---------- Given information

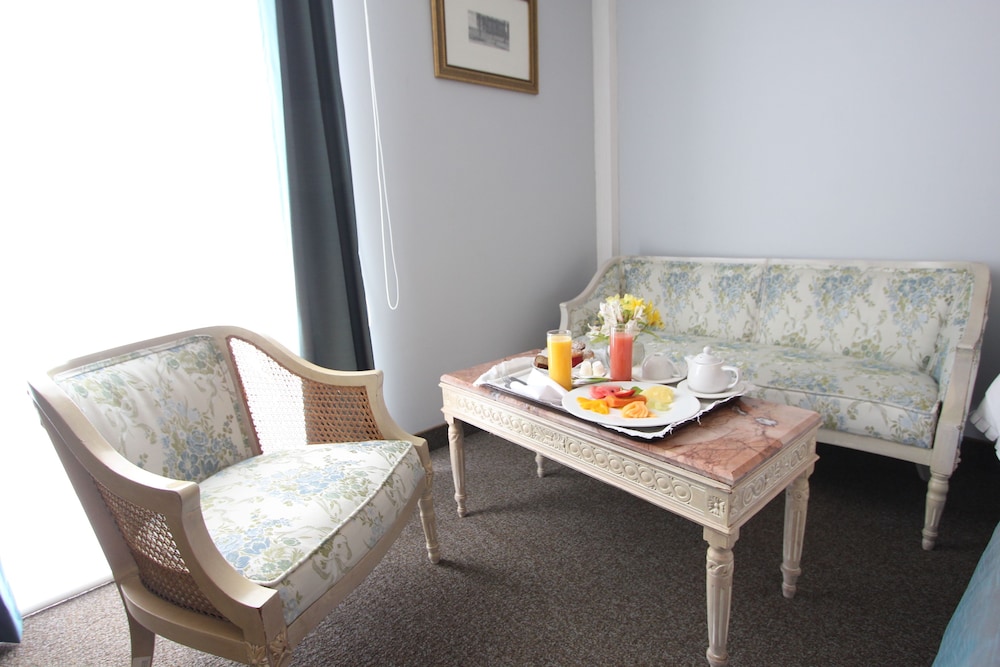 Gran Hotel Alameda 39/65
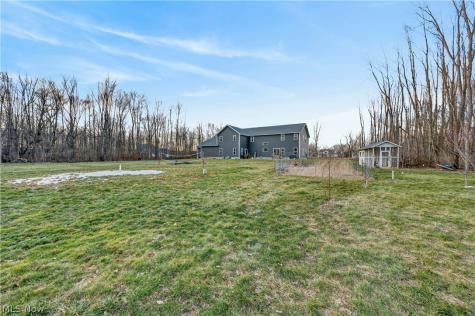 2252 Applegrove Street NE Canton OH 44721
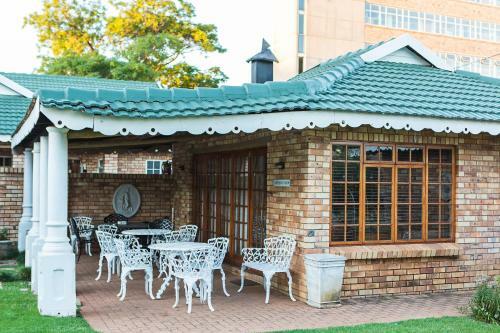 Alec Wright's Guest Lodge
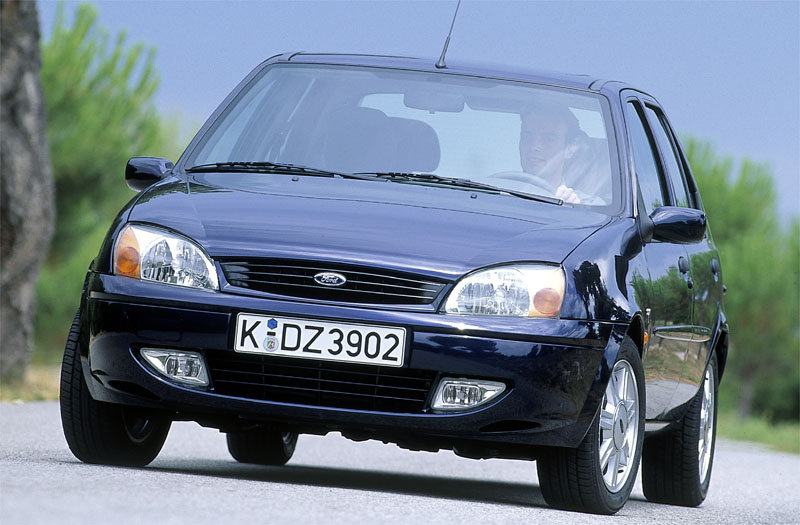 Ford Scorpio Stance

--------------------

### Try it
Beginning with the line that holds "2252 Applegrove Street NE Canton OH 44721", write out exactly the lines down to the end of the material above, and no others. Pictures are not part of the copy.

### Worked solution
 2252 Applegrove Street NE Canton OH 44721
 Alec Wright's Guest Lodge
 Ford Scorpio Stance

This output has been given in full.